Foxx, who represents North Carolina in Congress, wants you to be as ignorant and as unconcerned about the health of this democracy as she is. An outburst by Foxx this week continued an ugly streak of high-profile legislators from the Carolinas caught on camera proudly saying stupid or immoral things.
Tim Scott, the junior senator from South Carolina, took to the Republican primary debate stage and bizarrely suggested that Black people had it harder under Great Society programs than slavery. Lindsey Graham, the senior senator from South Carolina, took to Fox News and called for the wiping out of an entire people, a population of more than two million, half of whom are children.

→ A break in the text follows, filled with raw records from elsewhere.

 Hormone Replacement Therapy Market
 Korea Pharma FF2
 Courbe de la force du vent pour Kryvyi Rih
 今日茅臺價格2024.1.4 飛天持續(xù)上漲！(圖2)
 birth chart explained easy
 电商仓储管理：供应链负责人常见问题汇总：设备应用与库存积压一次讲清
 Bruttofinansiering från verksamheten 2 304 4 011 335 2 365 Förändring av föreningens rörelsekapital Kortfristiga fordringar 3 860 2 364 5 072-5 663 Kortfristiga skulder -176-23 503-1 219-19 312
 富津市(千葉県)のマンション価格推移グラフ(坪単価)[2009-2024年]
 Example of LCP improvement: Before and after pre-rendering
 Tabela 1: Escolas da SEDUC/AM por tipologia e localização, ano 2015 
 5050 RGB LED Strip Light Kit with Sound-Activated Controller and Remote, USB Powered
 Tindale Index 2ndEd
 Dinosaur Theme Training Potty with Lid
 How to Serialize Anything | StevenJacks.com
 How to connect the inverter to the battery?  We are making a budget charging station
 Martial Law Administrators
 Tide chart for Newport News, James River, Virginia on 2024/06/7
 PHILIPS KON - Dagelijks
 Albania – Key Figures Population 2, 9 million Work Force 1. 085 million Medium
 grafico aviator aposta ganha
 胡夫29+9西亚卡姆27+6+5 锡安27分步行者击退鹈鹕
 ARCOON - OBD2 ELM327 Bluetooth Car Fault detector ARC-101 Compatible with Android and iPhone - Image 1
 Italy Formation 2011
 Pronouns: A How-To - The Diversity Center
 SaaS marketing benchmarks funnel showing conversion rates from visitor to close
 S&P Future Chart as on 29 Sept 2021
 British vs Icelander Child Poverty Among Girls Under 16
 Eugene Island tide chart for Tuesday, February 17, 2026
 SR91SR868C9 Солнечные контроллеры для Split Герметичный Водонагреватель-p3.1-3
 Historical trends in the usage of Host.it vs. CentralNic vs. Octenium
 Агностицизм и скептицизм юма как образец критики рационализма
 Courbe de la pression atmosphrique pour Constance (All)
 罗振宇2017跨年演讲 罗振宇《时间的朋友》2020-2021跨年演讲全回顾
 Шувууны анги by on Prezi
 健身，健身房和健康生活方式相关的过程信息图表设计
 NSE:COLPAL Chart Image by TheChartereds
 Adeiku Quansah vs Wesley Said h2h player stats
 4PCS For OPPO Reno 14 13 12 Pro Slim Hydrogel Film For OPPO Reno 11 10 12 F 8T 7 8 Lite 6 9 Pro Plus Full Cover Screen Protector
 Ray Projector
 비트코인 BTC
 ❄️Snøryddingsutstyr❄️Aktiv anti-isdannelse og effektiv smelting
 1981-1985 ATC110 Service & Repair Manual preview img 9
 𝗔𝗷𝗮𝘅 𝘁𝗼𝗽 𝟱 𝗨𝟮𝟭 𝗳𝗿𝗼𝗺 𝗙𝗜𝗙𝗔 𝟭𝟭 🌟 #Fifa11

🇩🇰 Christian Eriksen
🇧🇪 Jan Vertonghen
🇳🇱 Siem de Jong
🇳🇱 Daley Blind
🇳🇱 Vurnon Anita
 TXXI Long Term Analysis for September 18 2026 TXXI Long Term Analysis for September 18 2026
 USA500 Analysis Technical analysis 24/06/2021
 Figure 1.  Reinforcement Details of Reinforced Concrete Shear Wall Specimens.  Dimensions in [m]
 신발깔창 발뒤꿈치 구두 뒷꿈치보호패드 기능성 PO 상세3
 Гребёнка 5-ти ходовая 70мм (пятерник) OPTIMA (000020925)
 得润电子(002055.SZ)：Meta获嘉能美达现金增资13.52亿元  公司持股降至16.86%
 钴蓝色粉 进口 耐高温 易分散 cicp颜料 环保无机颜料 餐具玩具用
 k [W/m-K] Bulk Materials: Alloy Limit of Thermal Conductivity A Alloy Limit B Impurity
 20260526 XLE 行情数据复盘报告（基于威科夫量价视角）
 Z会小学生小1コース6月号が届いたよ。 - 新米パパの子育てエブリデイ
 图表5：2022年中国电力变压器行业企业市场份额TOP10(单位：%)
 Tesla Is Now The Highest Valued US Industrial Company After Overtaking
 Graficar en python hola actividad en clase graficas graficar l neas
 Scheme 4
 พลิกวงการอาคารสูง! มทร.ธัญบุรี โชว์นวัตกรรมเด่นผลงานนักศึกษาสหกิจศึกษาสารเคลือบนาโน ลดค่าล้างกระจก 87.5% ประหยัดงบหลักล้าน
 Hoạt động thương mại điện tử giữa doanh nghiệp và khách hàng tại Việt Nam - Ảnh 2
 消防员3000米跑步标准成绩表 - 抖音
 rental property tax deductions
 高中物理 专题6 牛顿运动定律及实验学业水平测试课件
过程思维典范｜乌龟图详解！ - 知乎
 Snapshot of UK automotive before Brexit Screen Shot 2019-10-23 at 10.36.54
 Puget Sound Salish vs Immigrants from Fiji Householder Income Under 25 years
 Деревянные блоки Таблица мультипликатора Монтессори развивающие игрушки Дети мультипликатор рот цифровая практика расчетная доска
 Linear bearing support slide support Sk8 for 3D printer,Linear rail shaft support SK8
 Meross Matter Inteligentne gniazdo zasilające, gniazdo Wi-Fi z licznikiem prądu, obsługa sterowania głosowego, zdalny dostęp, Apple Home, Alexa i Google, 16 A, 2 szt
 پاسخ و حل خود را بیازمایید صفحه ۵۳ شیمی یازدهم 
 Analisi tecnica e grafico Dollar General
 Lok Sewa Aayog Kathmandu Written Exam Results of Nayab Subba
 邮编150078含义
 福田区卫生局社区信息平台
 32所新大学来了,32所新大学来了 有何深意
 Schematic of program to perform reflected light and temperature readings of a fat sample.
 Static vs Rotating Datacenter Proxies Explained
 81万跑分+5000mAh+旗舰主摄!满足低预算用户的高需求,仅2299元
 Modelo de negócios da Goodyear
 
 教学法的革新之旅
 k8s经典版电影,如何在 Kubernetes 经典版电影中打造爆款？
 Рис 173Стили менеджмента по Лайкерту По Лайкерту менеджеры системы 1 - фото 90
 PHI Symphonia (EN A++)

I guess Foxx, who represents the 5th District of North Carolina, didn’t want to be left out, wanted to prove she could look and sound as idiotic as the gentleman south of the Tar Heel border.
“Mr. Johnson, you helped lead the effort to overturn the 2020 election results,” ABC News’s Rachel Scott began asking Rep. Mike Johnson of Louisiana at a press conference during the GOP’s seemingly never-ending debate about who would become the next Speaker of the House. Johnson was elected speaker on Wednesday.
“Do you stand by…” Scott continued but was interrupted by an outburst of childish boos from people that voters inexplicably sent to Washington to guide the most-prosperous nation on Earth.
“No! Shut up!” Foxx shouted. “Shut up!”
Foxx has lived for nearly eight decades but she behaved like an 8-year-old on the national stage.
We are not sending our best to represent our interests, or to even uphold our democracy. Instead, we are repeatedly electing people like Scott and Graham and Foxx.
While Sen. Scott decided to demean the historical reality of Black people to garner votes for a mostly white-conservative audience and Graham showed no regard for fellow human beings, Foxx scoffed at a central question that goes to the heart of this thing we call a representative democracy.
What would it mean if the next speaker is among those who went out of his way to foster doubt about the 2020 election, the kind of doubt that fueled the hatred and violence we saw on Jan. 6, 2021? Why is one of our major political parties beholden to election deniers, particularly at a tinderbox moment such as this? We are about to find out, given that House Republicans chose Johnson to lead them, and the election denier in chief, Donald Trump, remains the odds-on favorite to capture the Republican presidential nomination for 2024.
If Foxx had any political integrity, or integrity of any kind, she would not have shouted “Shut up!” She would have answered the question. She would have ensured the American public that she would support no one for House speaker, or any other position, if they did not support basic democratic norms, such as respecting the nonviolent transfer of power even when your preferred candidate loses. Instead, she joined in with fellow Republicans hissing, booing and unleashing childlike taunts.
But that’s not really surprising. Her party has been busy trying to craft a political map in North Carolina that would all but guarantee Republicans would retain a stranglehold on power in the state even if they can’t convince a majority of us to vote for them.
They treat this precious place like a game, something to toy around with. But there’s nothing funny about what’s happening. We need grownups at the wheel during a time like this. And yet we repeatedly choose overgrown children to lead us.
We need to do better. We must. Our country needs us. We can’t keep failing it.